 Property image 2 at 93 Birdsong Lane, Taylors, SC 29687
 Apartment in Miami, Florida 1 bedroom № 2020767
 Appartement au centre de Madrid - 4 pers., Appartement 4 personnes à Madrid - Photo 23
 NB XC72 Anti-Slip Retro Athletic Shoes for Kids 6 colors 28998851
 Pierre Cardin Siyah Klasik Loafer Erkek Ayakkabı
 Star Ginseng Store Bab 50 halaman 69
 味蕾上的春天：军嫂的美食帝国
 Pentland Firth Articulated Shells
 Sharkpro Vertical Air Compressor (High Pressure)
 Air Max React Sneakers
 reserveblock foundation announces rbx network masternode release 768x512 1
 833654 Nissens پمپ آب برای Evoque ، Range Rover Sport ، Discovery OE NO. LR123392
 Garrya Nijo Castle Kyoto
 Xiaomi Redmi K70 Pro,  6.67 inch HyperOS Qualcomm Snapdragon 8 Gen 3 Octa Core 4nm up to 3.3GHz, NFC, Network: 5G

Your instructions:
Send back every line of the listing above exactly.

Response to the exercise:
 Property image 2 at 93 Birdsong Lane, Taylors, SC 29687
 Apartment in Miami, Florida 1 bedroom № 2020767
 Appartement au centre de Madrid - 4 pers., Appartement 4 personnes à Madrid - Photo 23
 NB XC72 Anti-Slip Retro Athletic Shoes for Kids 6 colors 28998851
 Pierre Cardin Siyah Klasik Loafer Erkek Ayakkabı
 Star Ginseng Store Bab 50 halaman 69
 味蕾上的春天：军嫂的美食帝国
 Pentland Firth Articulated Shells
 Sharkpro Vertical Air Compressor (High Pressure)
 Air Max React Sneakers
 reserveblock foundation announces rbx network masternode release 768x512 1
 833654 Nissens پمپ آب برای Evoque ، Range Rover Sport ، Discovery OE NO. LR123392
 Garrya Nijo Castle Kyoto
 Xiaomi Redmi K70 Pro,  6.67 inch HyperOS Qualcomm Snapdragon 8 Gen 3 Octa Core 4nm up to 3.3GHz, NFC, Network: 5G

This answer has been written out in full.